Of course. For example, in the scene where prince Rama’s younger brother goes to the forest where he is exiled to and bring him back to the palace after the king’s death but Rama refuses to return with him. His brother asks Rama to at least let him take Rama’s sandals back to the palace and place them on the throne to show that Rama is the true heir to the throne, we used the fan to symbolize the sandals and that brought a big round of applause. But that was only because we had given a short lecture about mitate before the performance.

What kind of process was involved in this collaboration?
I wrote several scenes and then sent the script from Japan to India and had the people there translate it and compose music for it. The music was composed for tabla and sitar, and it was amazing how closely it matched the give-and-take of the drum (taiko) and flute (fue) of our Japanese Hogaku accompaniment. In the stage script I wrote which parts would be Indian music and which would be Hogaku music. As with when we have music written for us for a new work in Japan, I noted that I wanted music for a part that would be, say, 3 min. 30 sec. long and what kind of dance it would be, or 2 and a half min. long for such-and-such type of dance. I choreographed most of the dance in Japan. Then we set the music to it when we got to India. At first there was some disturbing uncertainty among the musicians, but in the end it was amazing how well it all came together.

So, as with Nobunaga, this was another case where you found that, even with different kinds of dance, it would come together if you stuck to the classical traditions, was it?
In the end, I think the human mind works the same whether it is Oriental or Occidental. And if the things you want to express are the same, it will be understood even if the means of expression are different. Even if the technique is different, I believe that if the mental substance is the same, it will communicate.
However, it is difficult to communicate something through dance, to some degree, if the audience doesn’t understand the story that is being told. So, in those cases we use devices such as using film or subtitles to explain necessary elements about the dance. For the performances of Nobunaga in Russia, and for the homecoming performances of Ramayana in Japan, we used explanatory subtitles of this type during the changing of scenes. I feel that such means have good potential for helping audiences to understand Nihon Buyo.

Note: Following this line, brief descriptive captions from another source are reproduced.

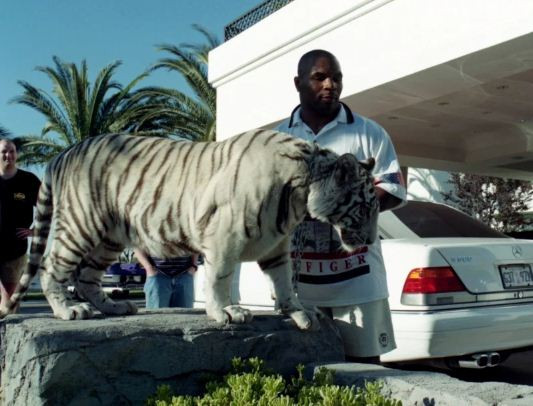 Oalah..Mike Tyson Ternyata Pecinta Merpati, Roy Jones Pawang Ular
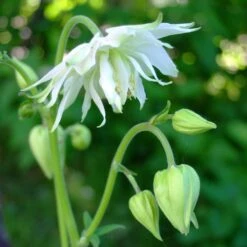 Aquilegia 'Green Apples' -Green Plant Shop PBO457 4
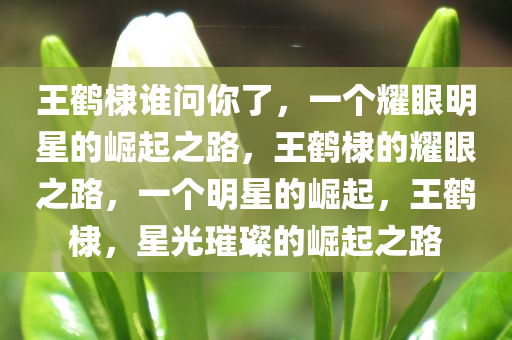 王鹤棣谁问你了，一个耀眼明星的崛起之路，王鹤棣的耀眼之路，一个明星的崛起，王鹤棣，星光璀璨的崛起之路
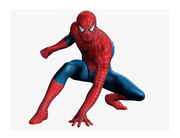 大数据蜘蛛侠的个人资料头像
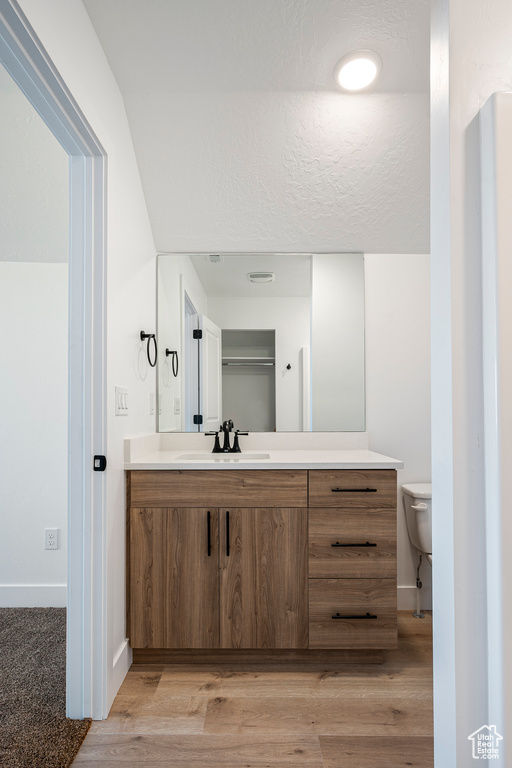 Bathroom featuring toilet, vanity, and wood-type flooring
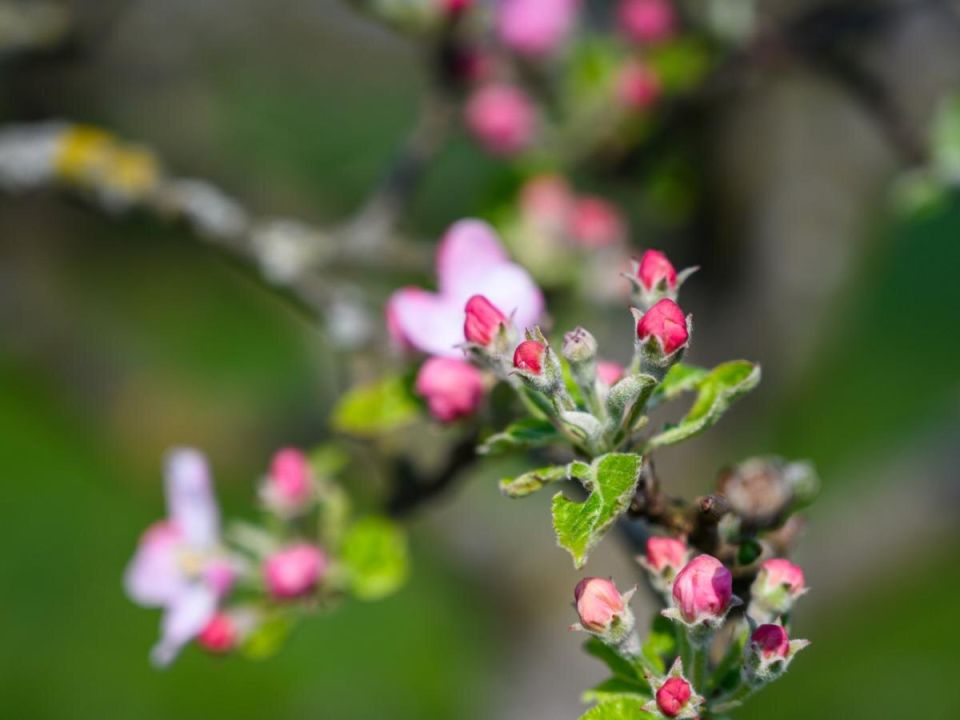 ��� ������ ���������� ������ ��� �������� ������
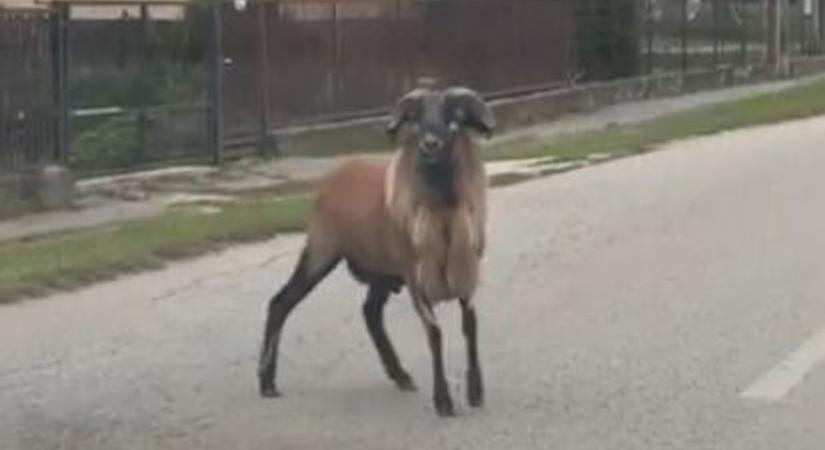 Egy kecske nem csinál nyarat! (videó)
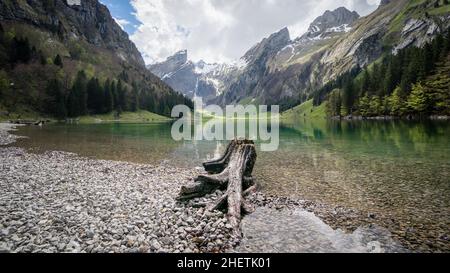 Seealpsee mit den Schweizer Alpen im Hintergrund, Appenzeller Land, Schweiz Stockfoto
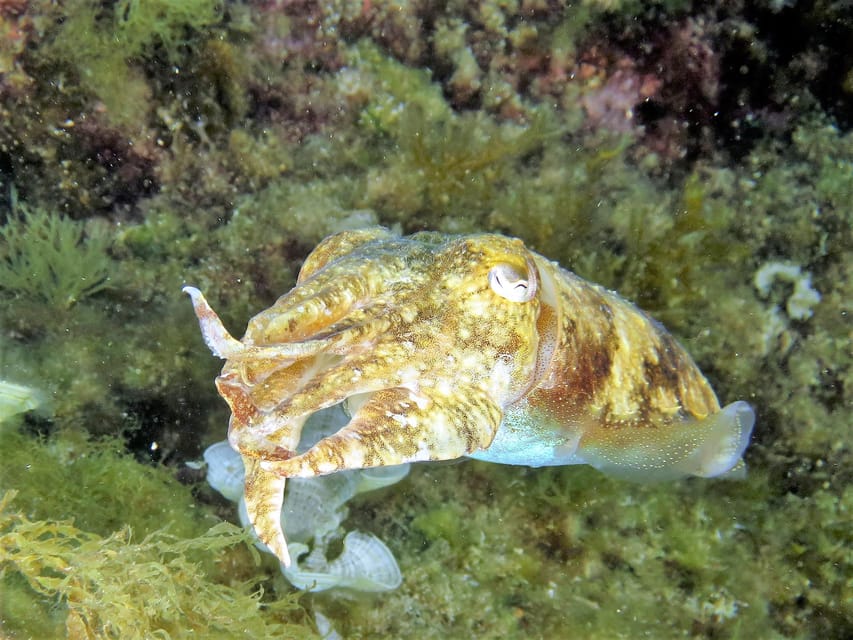 SSI Try Scuba Diving in the sea - Should You Book the Octopus Garden Try Scuba Session?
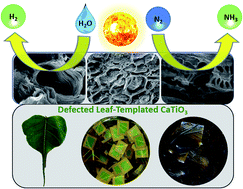Graphical abstract: Unraveling the structural and morphological stability of oxygen vacancy engineered leaf-templated CaTiO3 towards photocatalytic H2 evolution and N2 fixation reactions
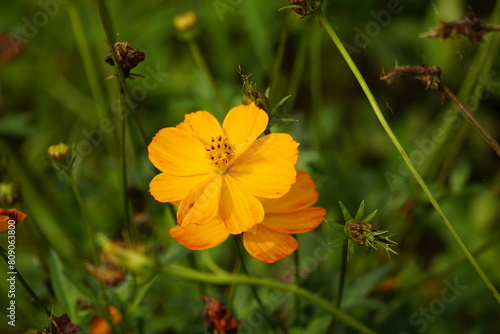 Cosmos bipinnatus flowers bloom in the field photo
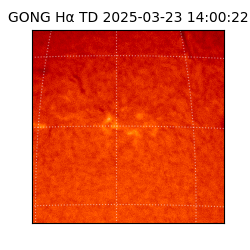 gong - 2025-03-23T14:00:22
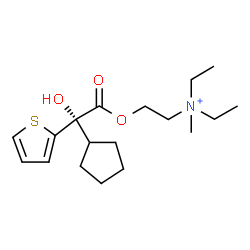 ChemSpider 2D Image | 2-{[(2S)-2-Cyclopentyl-2-hydroxy-2-(2-thienyl)acetyl]oxy}-N,N-diethyl-N-methylethanaminium | C18H30NO3S
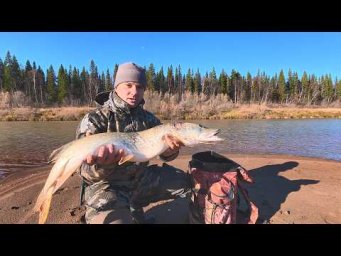 ЛОВЛЯ ТРОФЕЙНЫХ ЩУК ОСЕНЬЮ. ЩУКИ ТАК И ТЯНУТ В ВОДУ. МОРОЗНОЕ УТРО ПО ПУТИ ОХОЧУСЬ.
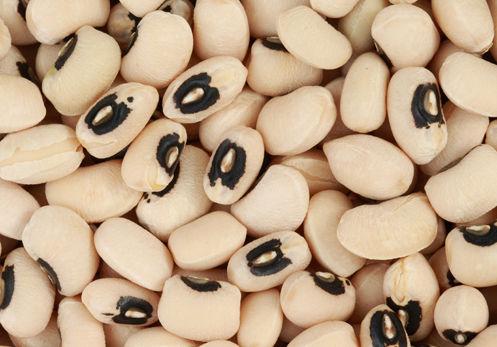 Organic cowpea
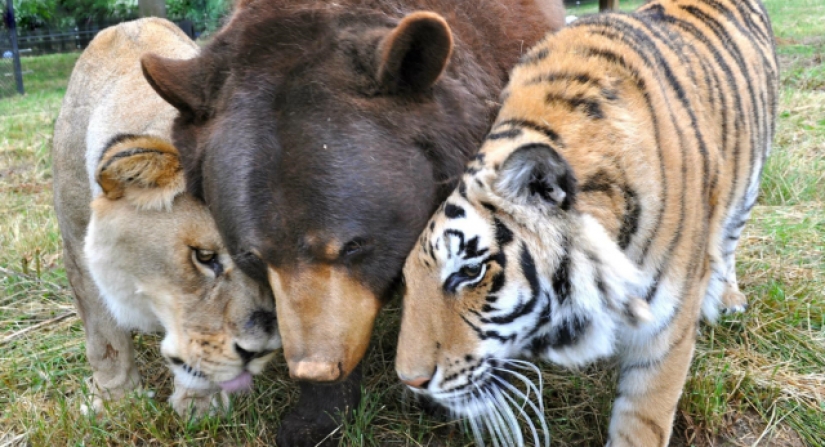 León, oso y tigre: los amigos no derraman agua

The unique character of Nihon Buyo Suodori to have one dancer acting out several role in a story, much like contemporary theater, and the freedom of being able to use the fan in mitate to take the place of a variety of props, can make Nihon Buyo an art that includes a very contemporary aspect. And it seems to me that, conversely, it is we the Japanese audience that have forgotten this way of enjoying and seeing its devices as an art form.
What I want to say to the audience is please give free range to your imagination and let what is taking place in the stage take shape freely in your mind as you watch. It is only when you do that that the story, the work becomes complete. The art of Nihon Buyo becomes complete only through the creative imagination and presence of not only the dancer but of the audience as well.